Pacific Islands Forum Secretariat (PIFS) Secretary-General Greg Urwin told ISLANDS BUSINESS last month that JCC will feature on the agenda of the 2007 Pacific Islands Conference of Leaders, scheduled to be held in Washington D.C. this month. Attention on it will focus on a list of suggestions from PIFS on market mechanisms.
“As you know, the JCC has not done much benefit to the parties involved. The US is telling us not to invent new arrangements but to make use of what is already in place. But we will be taking to the US a list of suggestions on market mechanisms,” Urwin said.
The JCC was proposed by US President George Bush Snr at the United States-Pacific Islands Summit held in October 1990 at the East-West Centre in Hawaii.

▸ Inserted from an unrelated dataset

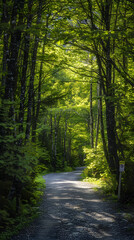 Natural Tunnel: A Picturesque Mountain Hiking Route Drenched in Tranquility and Wilderness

The MOU establishing it was signed on January 12, 1993 by the United States and the then 13 independent Pacific nations.
Although not strictly a trade arrangement, JCC is the closest the islands countries have with the US in relation to market access.
The MOU, according to a speech delivered in Fiji in 2005 by former US ambassador to the Pacific, David Lyons, contained eight specific functions that relate to trade and investment, all of which were open to discussion within the JCC context.
“Included among them were provisions for information exchanges, dialogue mechanisms, education programmes, private-sector development, and monitoring programme effectiveness,” Lyons had said.
However, past efforts to make the JCC work for the islands have not quite amounted to substantial progress, and as time passed, the idea was relegated to the backburner as Pacific islands countries shifted efforts to pitching either for their own relationships with the US or other group access frameworks.
In his 2005 speech, Lyons pointed to the JCC as the Pacific’s best hope in getting somewhere with the US and that any effort to try for a duplication of something that the US already has with groups of countries in other regions is likely to be wasted.
JCC, he had said, was the Pacific’s best bet and that there were elements to it that merited more Pacific attention to get it up and running.
“One enormously valuable aspect of the JCC is that it very nearly approximates a TIFA, or Trade and Investment Framework Agreement. TIFAs are not well known but they are de facto precursors for Free Trade Agreements or FTAs. One American expert told me last year that the US will not negotiate an FTA with a country with which we do not already have a TIFA.”
“As once described by Scott Kroeker, JCC official at the East-West Centre, on this revival effort to this magazine: “the objective is to find some small but symbolic victories that the JCC can point to in an effort to build momentum and support from all fronts.”
Two important suggestions that came out of this revival roadmap were:
• the identification, by both sides, of a limited range of goods and services that give specific focus to the JCC; and • the identification of specific measures and actions that will create and facilitate trade and investment in the specific areas identified.
It was also mooted that a closer working relationship be developed between PIFS and as a result, PIFS was unofficially tasked with the role of getting the islands countries to come up with a list of products and services that could be developed and positioned into US market using JCC.
Not much progress however, has been achieved where this is concerned.
“Islands countries have been less enthusiastic in coming up with a list of products,” said Urwin.
“As you can see today (at the launch of the 2007 UNESCAP report in Fiji) it is up to PICs to develop themselves and create products.”
A flurry of economic assessment reports released by donor agencies recently showed the need for PICs to be more proactive and efficient in dealing with challenges in their economic, social and governance system.
Urwin said taking care of these issues and challenges would then create conducive environment for investment in potential sectors out of which new products and services may emerge and which could then be marketed to the US.
He said another issue PIFS will be talking to the US about this month is the possibility of having the islands nations gain access, as a collective body to the United States Millennium Challenge Account, an account set up by the United States in 2002 to help developing countries provided they “root out corruption, respect human rights and adhere to the rule of law, among other things.”